「研究室詣で」(泣き、笑い): 卒業試験に落第した学生の救済、過去と現在

 早稲田大学(商学部)が、「救済を求める行為は控えるように」という注意喚起のメールを学生たちに送ったらしい。むかしから、最終試験で単位を落とした4年生が卒業できなかった事例は、枚挙にいとまがない。無駄だとはわかっていても、学生は研究室に来たり(研究室詣で)、しつこい学生になると自宅に押し掛けてきたりする。

 わたしの場合、いまは大学院の専任になったので、学部生から「嘆願」を受けることはなくなった。かつての同僚(経営学部)の中には、単位を落として卒業できなくなった学生が、家族を付け回してこまったケースがあった。
 気の弱い若手の教員だと、学生の強引さに負けて、あるいは同情から、ついつい単位を上げたくなるものである。しかし、そこはぐっとこらえて、情状酌量は一切しないのが良心的な教員のやるべきことである。
 教育的にも、それではまずいことになる。そうした学生が単位をもらえてしまうと、世の中に出てから、厳しい状況におかれたときも、不正(データの操作)や嘆願(脅迫)で、自分の逆境を逆転できるものだと思い込んでしまう。そもそも単位を落としたのは、自己責任のはずである。
 
 思い出すのは、30年前のことである。
 早稲田大学の事例でも、ある教員の自宅に、「一升びん」が送られて来たケースが紹介されていた。わたしも、千葉の自宅に、単位を落とした学生から「文明堂のカステラ」が送られてきたことがある。もちろん、カステラの箱には、自らの非を詫びる手紙も添えてあった。
 宅配便が普及しはじめたばかりのことで、送り主の住所は自宅になっていた。親御さんがどのように考えたかはわからない。大学の教師など、情に訴えればなんとかなるものだと思ったのかもしれない。
 結局、手紙を添えて送り返したが、着払いにはしなかった。送料をわたしが負担するはめになった。後味が悪く、なんとも面倒くさく思ったことを覚えている。こんなめにあったのは、わたしだけではないだろうう。
 その後、教員の自宅住所と電話番号は、学内者であっても、原則的には知ることができなくなった。「教職員住所録」が非公開になった理由の一つは、卒業判定を覆すための「研究室詣で」にあるのではないかと思っている。もちろん、通信販売の業者に、誰かはわからないが、たちの悪い教職員がリストを複写して転売したからだろうが。
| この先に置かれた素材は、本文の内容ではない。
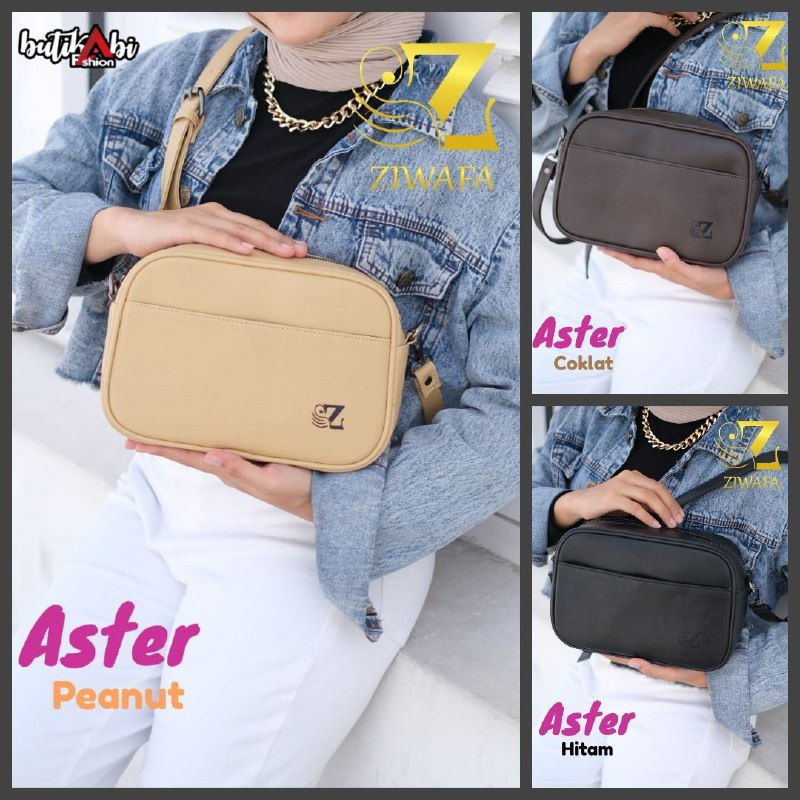 TAS WANITA ASTER BY ZIWAFA SLINGBAG SELEMPANG KULIT SINTETIS SHOULDER BAG MURAH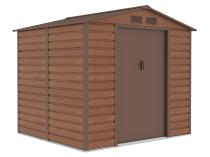 Domek narzędziowy metalowy drewnopodobny Agger 213x191cm (3,7m2) – Wood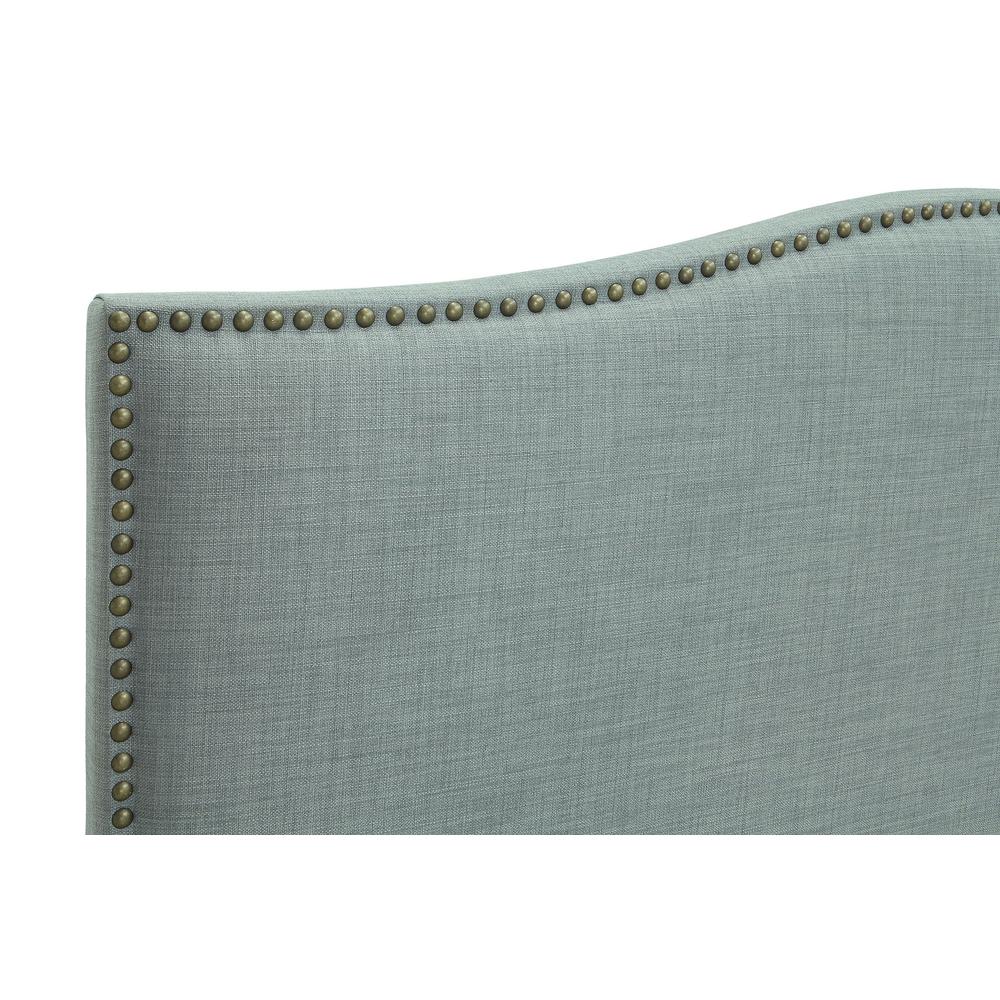 Ariana Upholstered Footboard Storage Bed in Bluebird. Picture 4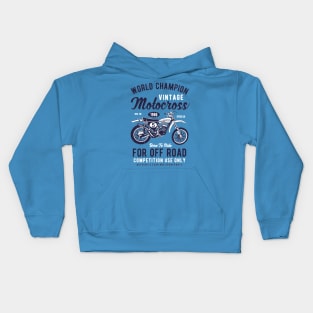 World Champion Vintage Motocross Kids Hoodie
 余談である。経営学部(学部)の教員だったころ、3月の最後の教授会で、「卒業判定リスト」が回覧された。わたしが最初(最後)にするしごとは、4年のゼミ生で留年が出ないかどうかをチェックすることだった。運悪くして留年者が出た場合は、学生(ゼミ長)にメールをすることだった。
 この時点ではもう救いようがないのだが、偶然に教員の間違いで評価が「D」になってしまう場合がある。いまはどのようになっているかは知らないが、むかしは「成績調査」というものがあった。ほとんどの場合は、答案の紛失や成績の転記ミスである。
 白状すると、わたしも35年間の教員生活で、何度か「転記ミス」と「計算ミス(成績の合計作業)」を犯している。例外なく、大教室の授業でのことである。なにせ答案の枚数が、二クラスをもっていたときは800枚を超えていた。
 いまは大教室授業では、期末試験にマークシートを利用しているはずである。転記ミスは少なくなっているだろう。そういえば、学部教員をやめてからは、採点の肩こりがなくなったなあ。

 幸いなことに、わたしの場合は、1、2年生の基礎科目(経営学総論やマーケティング論)を担当していることが多かった。卒業判定に関わるような採点ミスはなかった。
 それというのも、最終年まで、マーケティング論の単位が取れていない4年生などについては、不合格「D]の場合は、二重三重に出席点と試験の答案をチェックしたからである。それをしないと、カステラや一升瓶の攻勢にあってしまう。
 わたしは、最初の授業で、わたしたちも最善の努力をしていることを、学生にアナウンスしていた。なので、その後は一度も、小川研究室詣でも、宅配便の小包が自宅に送りつけられることもなくなった。学生諸君も、こうした教員側の対応を知っていれば、救済の嘆願は無駄であることが理解できるはずである。
 それでも、世の中には、往生際の悪い人間は多いのだろう。早稲田大学商学部の教員のみなさんは、わたしたち(法政大学経営学部)のように事前対策を講じていないのだろう。実は、学生も悪いのだが、責任の多くは教員側にもあるのだ。
 学部事務が、在学生にメールを送りつけるなどの類の話ではないだろう。早稲田の先生たち、しっかりせねば(笑いと同情)。